SEC. 313. PROVISION OF NOTE: 19 USC 3805
note. Deadline. President. RELIEF.

(a) In General.--Not later than the date that is 30 days after the
date on which the President receives the report of the Commission in
which the Commission's determination under section 312(a) is
affirmative, or which contains a determination under section 312(a) that
the President considers to be affirmative under paragraph (1) of section
330(d) of the Tariff Act of 1930 (19 U.S.C. 1330(d)(1)), the President,
subject to subsection (b), shall provide relief from imports of the
article that is the subject of such determination to the extent that the
President determines necessary to remedy or prevent the injury found by
the Commission and to facilitate the efforts of the domestic industry to
make a positive adjustment to import competition.
(b) Exception.--The President is not required to provide import
relief under this section if the President determines that the provision
of the import relief will not provide greater economic and social
benefits than costs.
(c) Nature of Relief.--
(1) In general.--The import relief (including provisional
relief) that the President is authorized to provide under this
section with respect to imports of an article is as follows:
(A) The suspension of any further reduction provided
for under Annex 2-B of the Agreement in the duty imposed
on such article.
(B) An increase in the rate of duty imposed on such
article to a level that does not exceed the lesser of--
(i) the column 1 general rate of duty imposed
under the HTS on like articles at the time the
import relief is provided; or
(ii) the column 1 general rate of duty imposed
under the HTS on like articles on the day before
the date on which the Agreement enters into force.

[[Page 944]]
118 STAT. 944

(C) In the case of a duty applied on a seasonal
basis to such article, an increase in the rate of duty
imposed on the article to a level that does not exceed
the lesser of--
(i) the column 1 general rate of duty imposed
under the HTS on like articles for the immediately
preceding corresponding season; or
(ii) the column 1 general rate of duty imposed
under the HTS on like articles on the day before
the date on which the Agreement enters into force.
(2) NOTE: President.

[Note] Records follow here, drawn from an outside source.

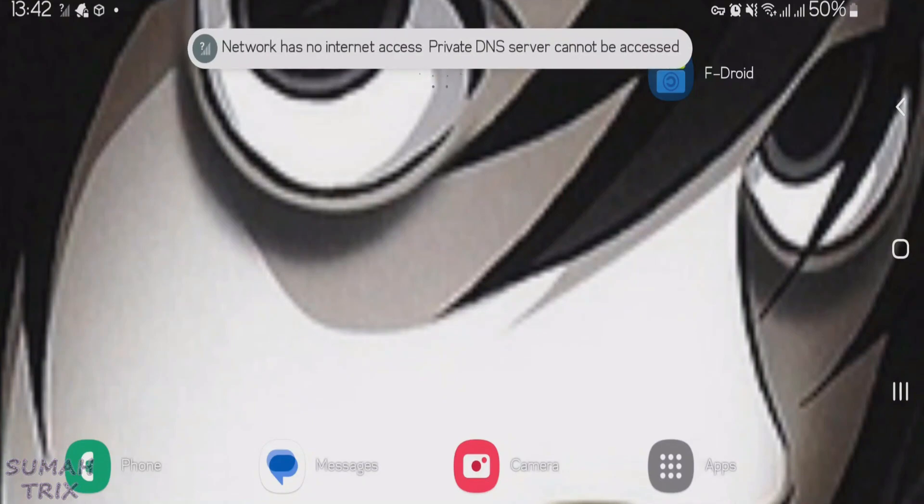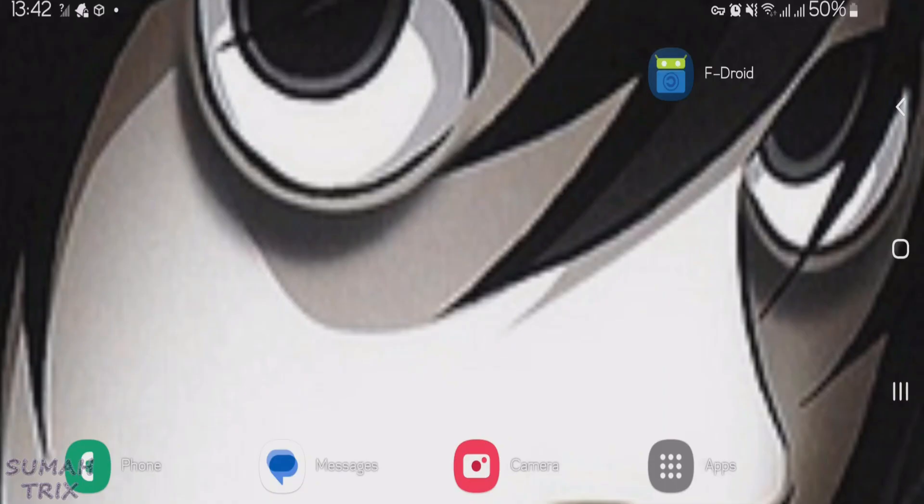So guys, I'm on my phone screen right now and I've got this error here. Network has no internet access. Private DNS server cannot be accessed. So I'm going to show you how you can solve this kind of issue.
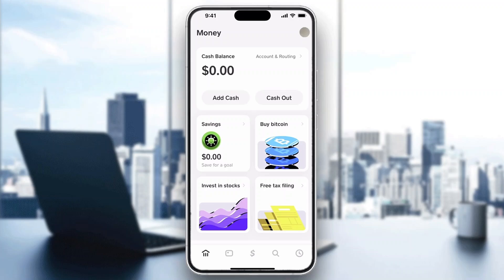Hey everybody, welcome back to today's video. Today I'm going to be showing you how to use two Cash App accounts on one phone. This is a very simple thing to do, so make sure to watch this quick and easy video till the very end and follow my steps correctly so this works the same for you.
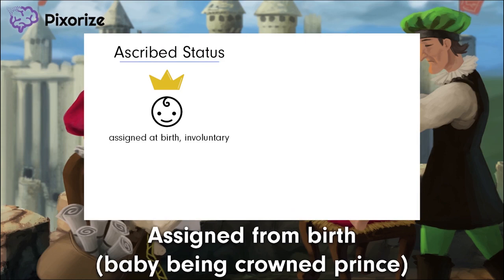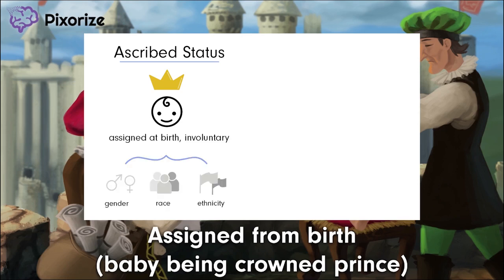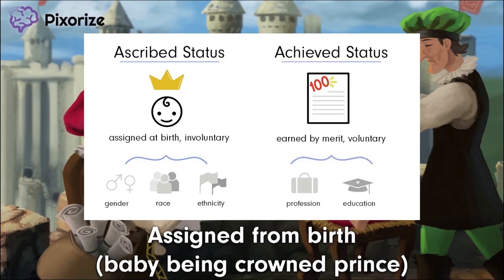While the caste system is the prototypical example of ascribed statuses, other examples of ascribed status include statuses based on gender, race, family origins, and ethnic backgrounds — statuses that you didn't choose and can't change. Contrast this against achieved status, which describes social position attained through merit or other accomplishments. This baby has done nothing to earn his title as prince, but now that he has been born a prince, he'll get the royal treatment for his entire life. Remember, ascribed statuses are given from birth.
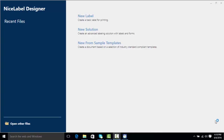Hello everyone and welcome to the NiceLabel video on designing your first label. In this video we're going to look at the different objects that are in NiceLabel and how to add them to a label.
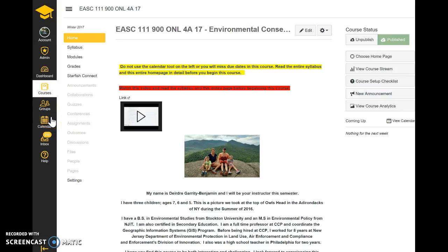Hi everyone. This is Professor Benjamin and I will be your professor for this four-week winter course. Just a couple disclaimers before we begin: number one, you're taking a 15-week class in four weeks. I do not cut content or material, so you're doing what we normally do in 15 weeks in four weeks.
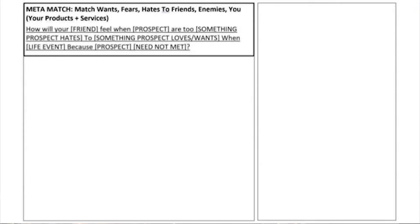Our meta message is: 'How will your friend feel when prospect goes from something prospect hates to something prospect loves, when life event, because prospect — blank — need not met.' That doesn't sound very interesting right now, but let's put it into messages using everything we discovered from filling out that script sheet.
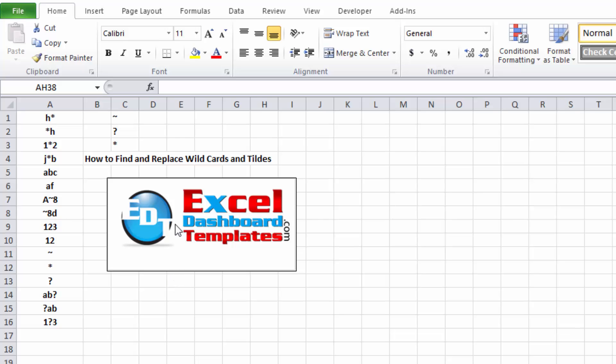Hello and welcome to ExcelDashboardTemplates.com. This is Steve Equals True. Please visit my blog at ExcelDashboardTemplates.com where you're sure to learn the latest posts, tips, tricks, and techniques. Learn everything about Excel.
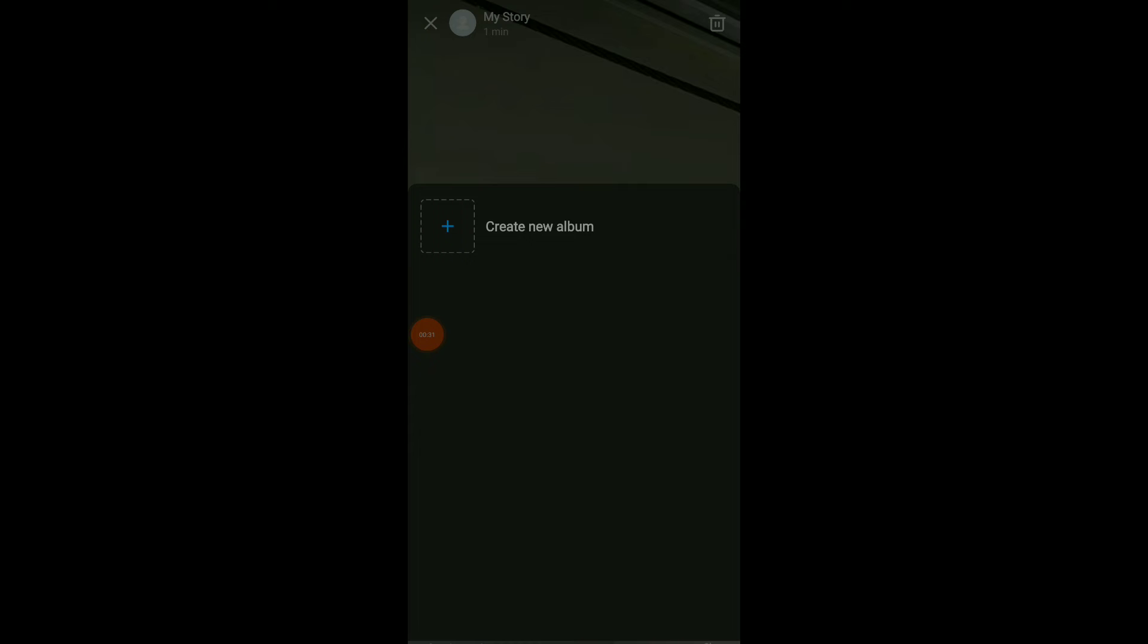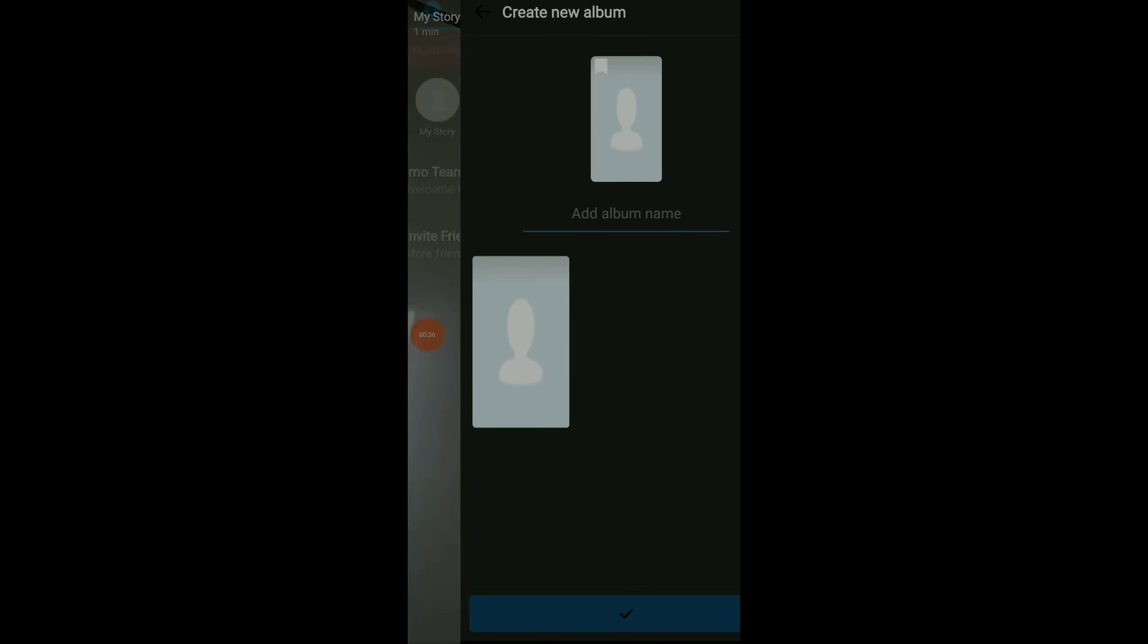And here you have create new album. Click and create a new album on your profile. Add album name and album picture, and once you are done, just click on the check icon at the bottom.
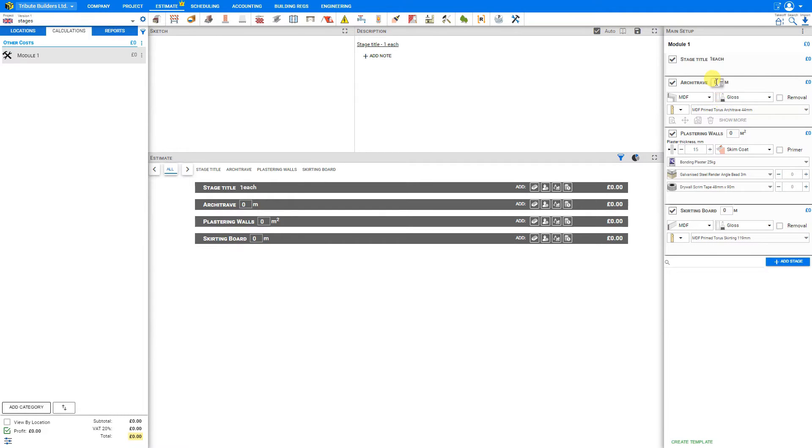And then we can just add some values to these various stages. If we know the length of architrave we require, we can just input that here, say 20 meters.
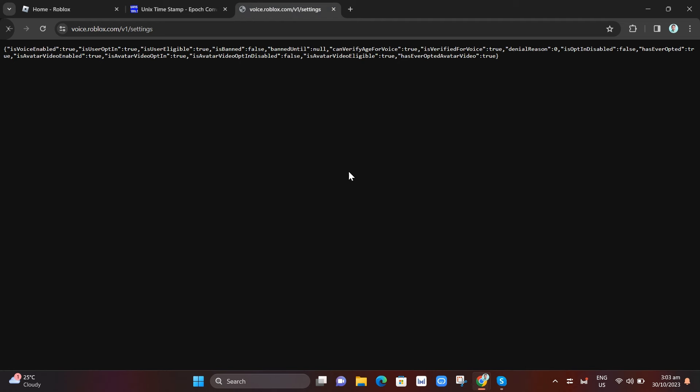We're going to look at this. It's like a code that will show you on your screen. Now, my Roblox currently is not banned. So as you can see, it's banned: false, banned until: null.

Progressive liberalization.--If the
period for which import relief is provided under this section is
greater than 1 year, the President shall provide for the
progressive liberalization (described in article 9.2.7 of the
Agreement) of such relief at regular intervals during the period
in which the relief is in effect.

(d) Period of Relief.--
(1) In general.--Subject to paragraph (2), any import relief
that the President provides under this section may not be in
effect for more than 2 years.
(2) Extension.--
(A) In general.--Subject to subparagraph (C), the
President, after receiving an affirmative determination
from the Commission under subparagraph (B), may extend
the effective period of any import relief provided under
this section if the President determines that--
(i) the import relief continues to be
necessary to remedy or prevent serious injury and
to facilitate adjustment by the domestic industry
to import competition; and
(ii) there is evidence that the industry is
making a positive adjustment to import
competition.
(B) NOTE: Deadline. Action by commission.--(i)
Upon a petition on behalf of the industry concerned that
is filed with the Commission not earlier than the date
which is 9 months, and not later than the date which is
6 months, before the date any action taken under
subsection (a) is to terminate, the Commission shall
conduct an investigation to determine whether action
under this section continues to be necessary to remedy
or prevent serious injury and whether there is evidence
that the industry is making a positive adjustment to
import competition.
(ii) NOTE: Federal Register, publication. The
Commission shall publish notice of the commencement of
any proceeding under this subparagraph in the Federal
Register and shall, within a reasonable time thereafter,
hold a public hearing at which the Commission shall
afford interested parties and consumers an opportunity
to be present, to present evidence, and to respond to
the presentations of other parties and consumers, and
otherwise to be heard.
(iii) NOTE: Reports. Deadline. The Commission
shall transmit to the President a report on its
investigation and determination under this subparagraph
not later than 60 days before the action under
subsection (a) is to terminate, unless the President
specifies a different date.
(C) Period of import relief.--Any import relief
provided under this section, including any extensions
thereof,

[[Page 945]]
118 STAT. 945

may not, in the aggregate, be in effect for more than 4
years.

(e) Rate After Termination of Import Relief.--When import relief
under this section is terminated with respect to an article--
(1) the rate of duty on that article after such termination
and on or before December 31 of the year in which such
termination occurs shall be the rate that, according to the
Schedule of the United States to Annex 2-B of the Agreement for
the staged elimination of the tariff, would have been in effect
1 year after the provision of relief under subsection (a); and
(2) the rate of duty for that article after December 31 of
the year in which termination occurs shall be, at the discretion
of the President, either--
(A) the applicable NTR (MFN) rate of duty for that
article set out in the Schedule of the United States to
Annex 2-B of the Agreement; or
(B) the rate of duty resulting from the elimination
of the tariff in equal annual stages ending on the date
set out in the Schedule of the United States to Annex 2-
B of the Agreement for the elimination of the tariff.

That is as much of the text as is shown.